RVG-VV Nr. 1000; ZPO § 278 Abs. 6; GKG § 45 Abs. 4

 

Verfahrensgang

LG Mainz (Beschluss vom 17.10.2011; Aktenzeichen 4 O 343/10)

 

Tenor

1. Die sofortige Beschwerde der Beklagten vom 11.11.2011 gegen den Kostenfestsetzungsbeschluss des LG Mainz vom 17.10.2011, zugestellt am 2.11.2011, in der Form der Nichtabhilfeentscheidung vom 12.3.2012 wird zurückgewiesen.

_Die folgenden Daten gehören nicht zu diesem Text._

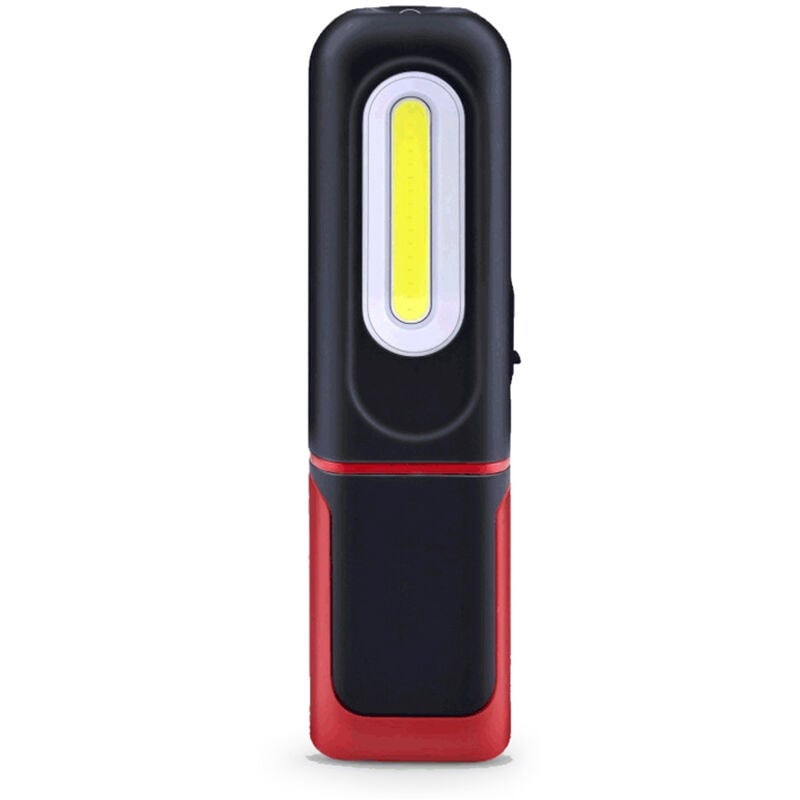 foto del prodotto lampada da lavoro a led ricaricabile, lampada da ispezione 2 in 1 con rotazione di 360 gradi e torcia a led cob da 5 w con base magnetica e gancio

2. Die Beklagte trägt die Kosten des Beschwerdeverfahrens.

3. Der Wert des Beschwerdeverfahrens wird auf 686 EUR festgesetzt.

 

Gründe

Die Rechtspflegerin hat die Einigungsgebühr (Nr. 1003 RVG - VV) zu Recht berücksichtigt. Auf die zutreffenden Gründe der Nichtabhilfeentscheidung wie der Beschwerdeerwiderung kann zur Vermeidung von Wiederholungen verwiesen werden.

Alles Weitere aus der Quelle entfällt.